I was in the eighth grade when I traveled with my family to War. War, West Virginia. Dad kept our Buick Skylark in low gear as we slowly descended into the valley. Halfway down the mountain, we encountered a debilitated tractor-trailer. Beside the road, the driver was attempting a repair, his too small, grease-covered shirt and Wrangler jeans revealing more man skin than I’d seen to date.
As we pulled into the small town, I realized War was made up of just one street. That’s it? I dreaded the thought of spending a whole weekend in that place until I remembered why we were there—for my oldest brother’s wedding. This was the hometown of the tiny darling he was marrying. Months before, when she called and asked me to be one of her bridesmaids, I squealed. I’d never worn a fancy, long dress before.
In front of the town’s only five-and-dime store, Dad parked so we could buy snacks to tide us over until the rehearsal dinner. As I browsed the aisles, I glanced at the bins of socks, t-shirts, and underwear. They weren’t bright white like the undies and socks sold in my town. They were gray. In the school supply aisle, the packages of loose-leaf paper wore a gray tinge also. Same thing with the toilet tissue and paper towels. It took me a minute to figure out why. There in coal country, a skim of coal dust coated everything. The dark grit snuck inside each sealed plastic pouch to turn the factory-white fabric dingy.
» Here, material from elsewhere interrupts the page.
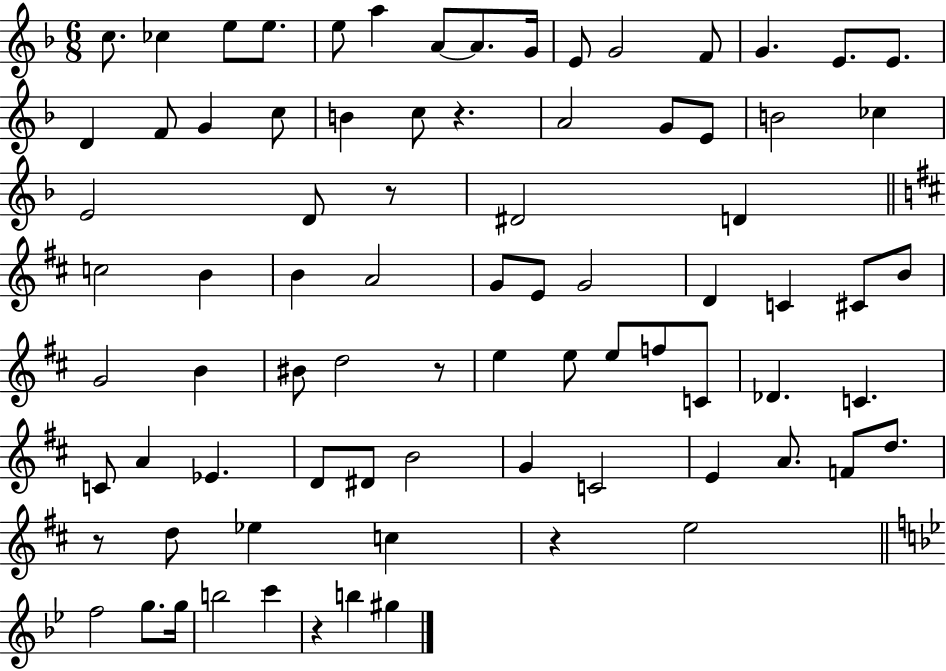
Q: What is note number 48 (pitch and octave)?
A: E5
There was no escaping it.
Where I’m from is better, I thought. Everything there is whiter and brighter, bigger and prettier too. And much cleaner.
When Jesus came down from heaven, I wonder if he thought, “Heaven is so much better, way cleaner, and a whole lot brighter. Down here everything is so imperfect.”
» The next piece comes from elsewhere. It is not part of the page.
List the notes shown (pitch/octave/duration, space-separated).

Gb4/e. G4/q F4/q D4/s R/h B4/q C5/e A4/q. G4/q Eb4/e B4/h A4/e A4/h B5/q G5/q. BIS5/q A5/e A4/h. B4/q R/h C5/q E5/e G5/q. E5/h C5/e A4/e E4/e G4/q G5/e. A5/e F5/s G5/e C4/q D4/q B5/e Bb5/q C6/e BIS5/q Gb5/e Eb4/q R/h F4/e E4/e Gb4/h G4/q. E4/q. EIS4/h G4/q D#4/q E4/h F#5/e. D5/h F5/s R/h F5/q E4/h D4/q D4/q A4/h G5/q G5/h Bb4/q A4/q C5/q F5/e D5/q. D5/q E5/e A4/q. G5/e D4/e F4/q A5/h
The tarnish on this world is not coal dust. It’s sin, and no matter what we do, we can’t get rid of it. We might be able to hide our sin from other people, but we can’t hide it from God. Even if you’re doing a decent job at “being good,” compared to Jesus, you’re irrevocably stained.
Remember The Transfiguration? Mark 9:3 says “His (Jesus’s) clothes became dazzling white, whiter than anyone in the world could bleach them.” Perhaps God provided The Transfiguration so Peter, James, and John could see how very different Jesus was from any other human. According to Strong’s Concordance, that’s what “holy” means—different. Jesus is different from us because though he was tempted, he never sinned. No other human has ever accomplished that and no other human ever will.
At the end of my brother’s wedding weekend, I returned home with my family, leaving War the way I found it, coal dust everywhere. Not Jesus. Before he went home, he did something about our stains, something only he, the sinless one, the Son of God, could do. With his own blood, he washed us clean. And when you acknowledge what He did, you don’t just become clean, you become different, holy.